I'm in the same boat. Good to see others here with the same thinking. I can't say it was exactly the original plan (it's crackers when you think about it) but very happy with the situation now - dividends and compounding are making it easier every year and our rent's less now than it was in 2002. I'm also lucky that I have an understanding wife - we're both into minimalism and neither of us wanted kids. Rarely discuss it with friends and colleagues and am sure they look down on us for still renting. Not sure we'll ever buy where we are now (Manchester) though could buy somewhere outright now. Fully onboard with Sancho's idea of renting anywhere abroad. The idea of escaping the north west in winter and disappearing to somewhere like Puglia for 6 months is very appealing.

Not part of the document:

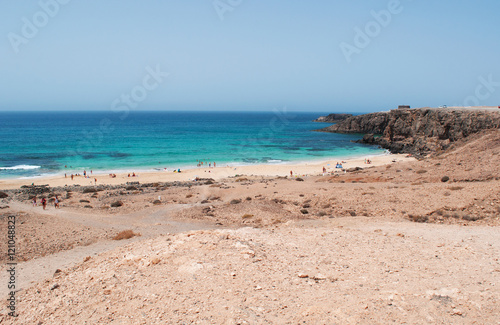 Fuerteventura  Isole Canarie  vista panoramica di Piedra Playa  chiamata anche Playa del Castillo  una delle spiagge pi   famose dell area nord ovest vicino a El Cotillo  il 31 agosto 2016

That's very much where we are.Whilst I've been raised in a family where investments were discussed from an early age,Mrs P didn't tkae too long to understand the simple maths that our investments were outperforming HPI,giving us lots more freedom than if we tied ourselves to one house and ploughed a chunk of our capital into it.

As I excplained to her.The next house up we'd like to live in rents on a near 2% yield-nice big 4 bed detached-at the minute.So allowing for interest payments on a mortgage, maintenance,buildings insurance, the actual repayments of the capital etc etc, we can rent it for 75 years as opposed to owning it on current prices.Why would we want to buy it....?

Whilst renting has it's downsides in terms of security of tenure,there are upsides.Having said that,if we were renting on an 8%+ gross yield,we'd probably think about buying it.